Aim of the task:
Pictures must not appear in the copy. Restate exactly the lines below from the one with "Using your nippers, clip" through the one with "It's a weld", inclusive.
═════ Source data ═════
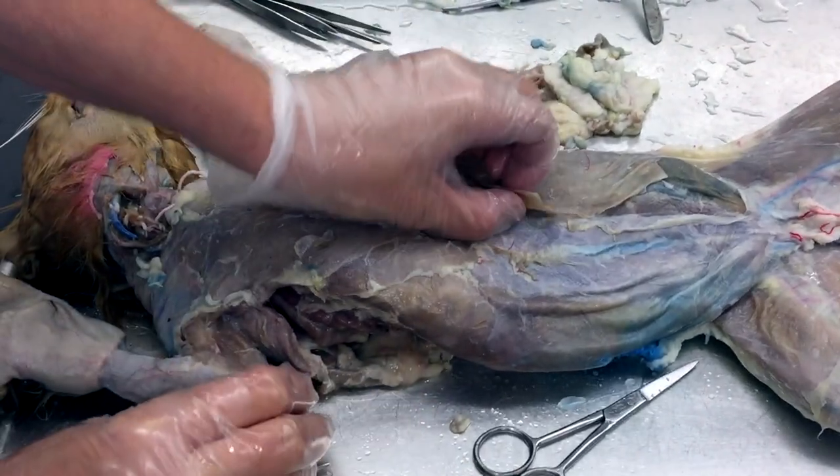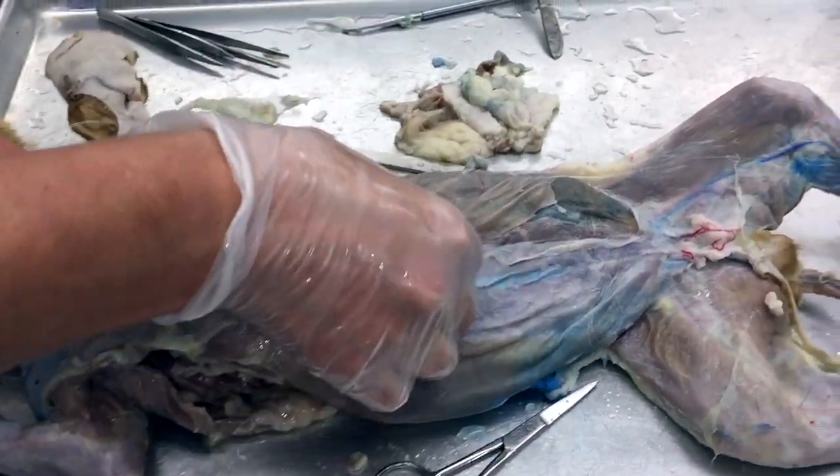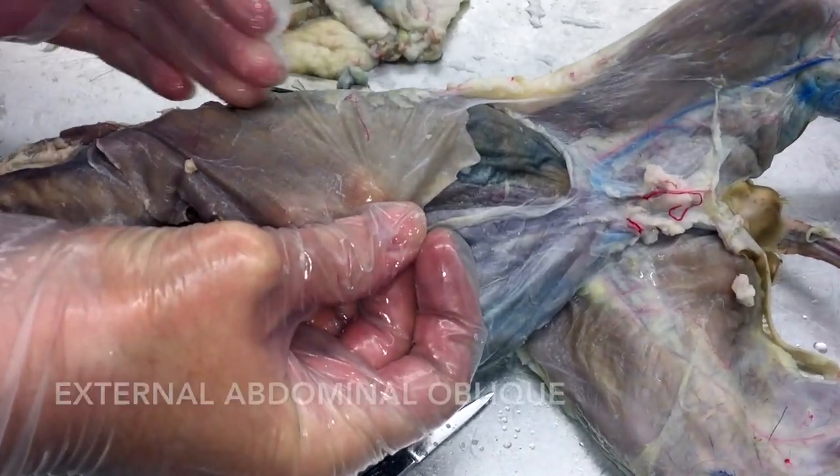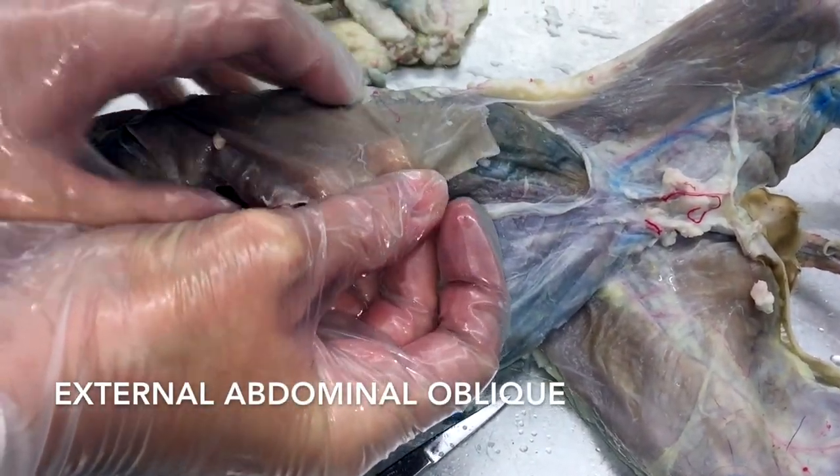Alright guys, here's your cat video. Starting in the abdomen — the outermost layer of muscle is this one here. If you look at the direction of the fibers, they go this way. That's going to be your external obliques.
═════
═════ Source data ═════
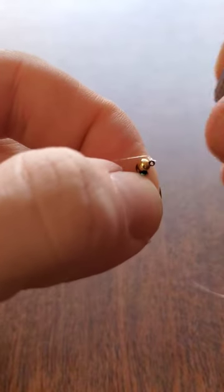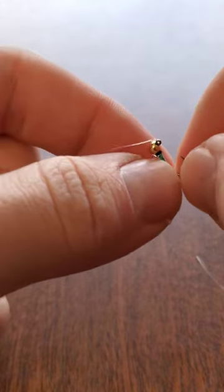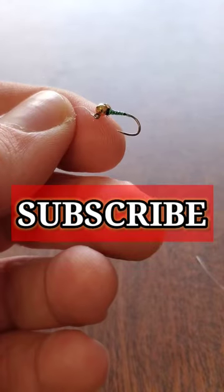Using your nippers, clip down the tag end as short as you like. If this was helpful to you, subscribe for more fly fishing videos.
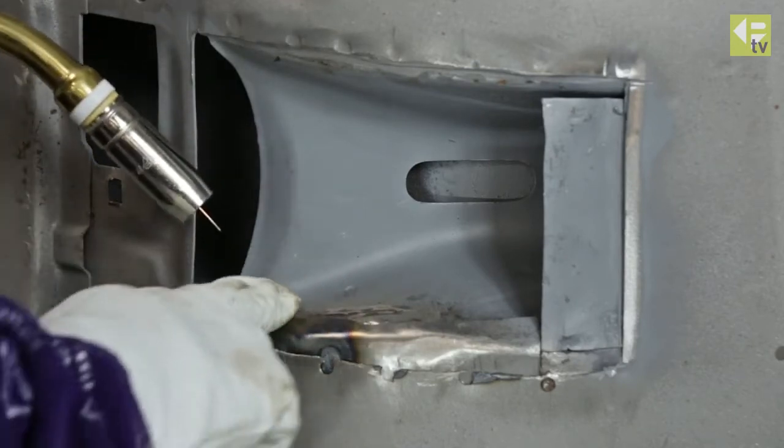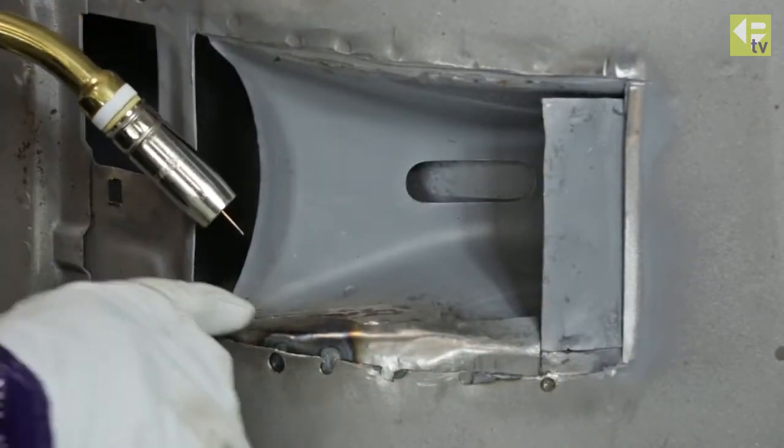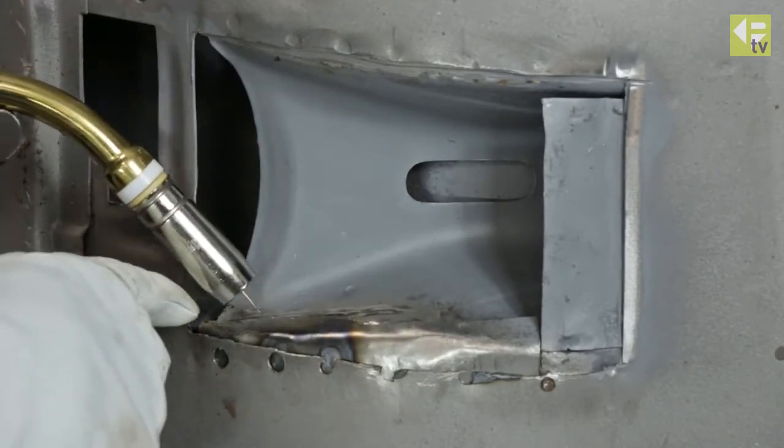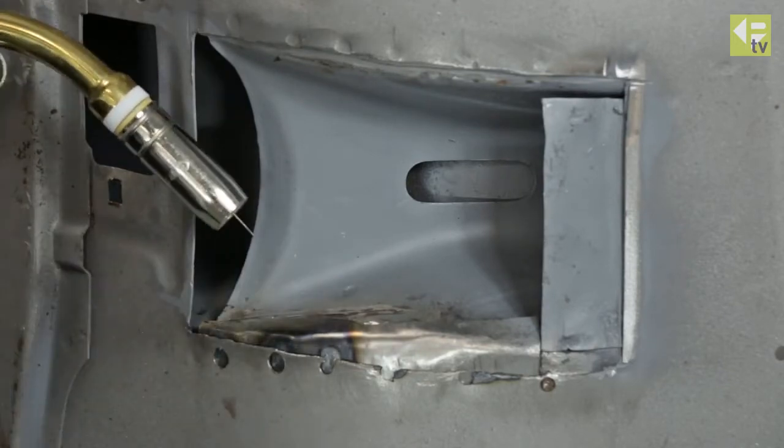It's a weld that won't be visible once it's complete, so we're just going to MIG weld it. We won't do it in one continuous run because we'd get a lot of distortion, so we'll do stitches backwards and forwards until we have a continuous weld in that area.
═════
═════ Source data ═════
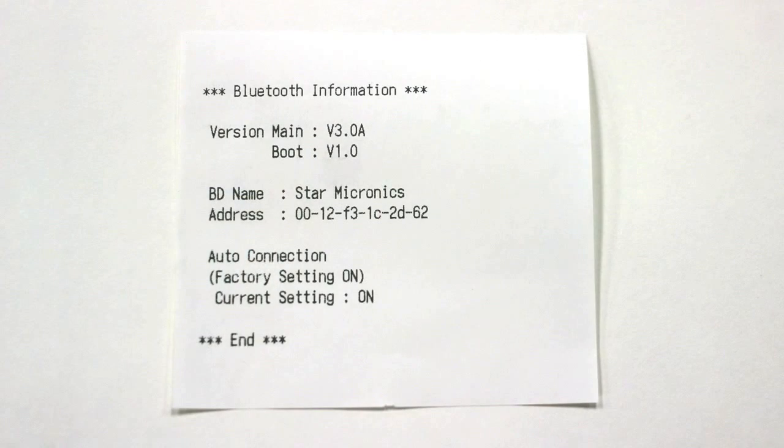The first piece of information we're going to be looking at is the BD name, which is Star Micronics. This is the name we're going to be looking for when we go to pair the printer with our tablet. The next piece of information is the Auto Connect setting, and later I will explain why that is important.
═════
Task result:
Using your nippers, clip down the tag end as short as you like. If this was helpful to you, subscribe for more fly fishing videos.
It's a weld that won't be visible once it's complete, so we're just going to MIG weld it. We won't do it in one continuous run because we'd get a lot of distortion, so we'll do stitches backwards and forwards until we have a continuous weld in that area.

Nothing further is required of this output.